Yahya Jarad is a nursing supervisor at MSF´s Al Salamah hospital, and a 2007 nursing graduate from Aleppo University. Last Friday, Doctors Without Borders/Médecins Sans Frontières (MSF)had to evacuate the patients of Al Salamah hospital and close the facility as front lines drew too close. An estimated 100,000 people are trapped in northern Syria’s Azaz district with battle lines approaching.
We hope the war will come to an end and the bloodshed will stop. But, it seems it’s not likely to happen soon.
I started work at MSF in October 2012, and I have been working as a nursing supervisor in the MSF hospital since then. Last February, I had to flee my home and take refuge closer to the hospital. We moved into tents and it was tough, but we are trying to cope with our situation.
A new wave of people fleeing their homes have arrived in the area as the line of fire has been getting nearer in the last ten days. Camps close to fighting areas have been evacuated and people have been forced to flee yet again. Now they live in dire conditions, in the middle of olive trees, without any services.
Neighboring Marea town is completely encircled.
As the clashes were getting nearer, hospitals have been forced to close. For us, as the battle was closing in we had to evacuate patients and medical crews. Only a small team has been kept to deal with stabilization of emergency cases, and to refer patients to other hospitals and medical centers.
We live and work in a small, isolated area, which is basically cut off and we can’t refer patients that we are unable to treat to Aleppo or Idlib.
In my normal work, I am in charge of supervising the nursing team, following up the services provided to patients and checking the equipment and tools in use throughout the hospital.
We are talking about the only hospital in the region north of Azaz that can provide vaccination to children.

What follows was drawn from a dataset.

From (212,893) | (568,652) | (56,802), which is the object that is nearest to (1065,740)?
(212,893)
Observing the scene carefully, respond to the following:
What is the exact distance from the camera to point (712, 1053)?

The hospital also has a bus that was carrying out referral activities in the camps, registering patients, bringing them back to the hospital for treatment, and taking them back home.
In February, the region witnessed a large flow of people fleeing their homes and we had to set up a medical team to deal with the situation outside the hospital. The team, which included nurses and nursing assistants, visited the camps to identify malnutrition cases and vaccination needs, detect outbreaks and register existing diseases, such as respiratory infections.

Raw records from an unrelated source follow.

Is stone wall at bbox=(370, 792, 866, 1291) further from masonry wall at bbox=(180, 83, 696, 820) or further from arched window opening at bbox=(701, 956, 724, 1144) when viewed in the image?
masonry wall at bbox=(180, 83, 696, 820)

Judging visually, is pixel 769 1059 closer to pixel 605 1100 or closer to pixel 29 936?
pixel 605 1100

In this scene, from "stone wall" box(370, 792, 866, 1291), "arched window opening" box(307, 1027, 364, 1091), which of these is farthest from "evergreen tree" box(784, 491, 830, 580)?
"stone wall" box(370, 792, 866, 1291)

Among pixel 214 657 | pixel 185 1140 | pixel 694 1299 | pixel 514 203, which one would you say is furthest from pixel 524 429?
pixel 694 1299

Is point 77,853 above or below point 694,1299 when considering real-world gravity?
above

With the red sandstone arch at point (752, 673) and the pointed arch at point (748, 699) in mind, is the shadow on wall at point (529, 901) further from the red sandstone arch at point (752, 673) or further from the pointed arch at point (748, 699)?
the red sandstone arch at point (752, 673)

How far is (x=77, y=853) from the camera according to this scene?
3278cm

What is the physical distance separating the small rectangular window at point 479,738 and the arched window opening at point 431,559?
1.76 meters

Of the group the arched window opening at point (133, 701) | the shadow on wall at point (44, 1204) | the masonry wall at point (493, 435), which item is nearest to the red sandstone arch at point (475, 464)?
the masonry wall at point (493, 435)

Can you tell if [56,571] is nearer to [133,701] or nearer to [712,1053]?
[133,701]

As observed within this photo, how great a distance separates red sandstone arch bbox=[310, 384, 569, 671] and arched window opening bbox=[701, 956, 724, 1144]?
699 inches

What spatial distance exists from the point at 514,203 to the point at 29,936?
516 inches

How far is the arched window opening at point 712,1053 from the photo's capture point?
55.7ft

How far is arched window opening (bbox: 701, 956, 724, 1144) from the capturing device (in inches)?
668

A second team was in charge of vaccination and patient transport to hospital. We saw small outbreaks of diseases such as measles, upper respiratory tract infections and measles.

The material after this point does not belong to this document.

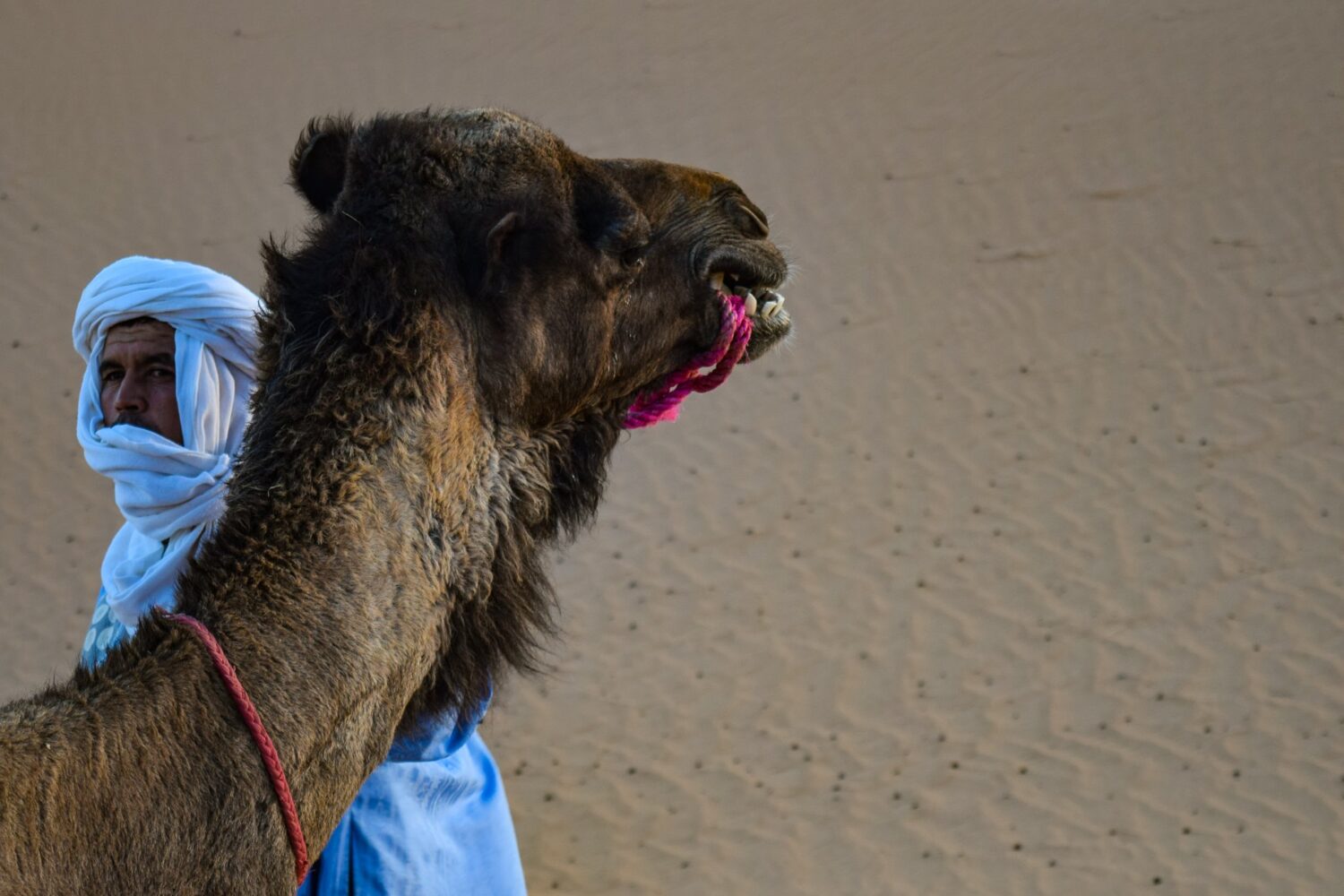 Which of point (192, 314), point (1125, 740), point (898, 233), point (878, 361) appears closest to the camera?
point (192, 314)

People hope to return to their homes when the war ends, but many homes have been destroyed and left in ruins.
We hope the war will come to an end, the bloodshed will stop and displaced people will be able to return home. But it seems it’s not likely to happen soon. We are doing what we can and even more. We are happy when we see our patients recover. It gives us more resolve to continue the work we are doing.
There is a difficult humanitarian situation and people are trying to cope, while aid agencies are striving to provide basic items. We hope the situation will get better.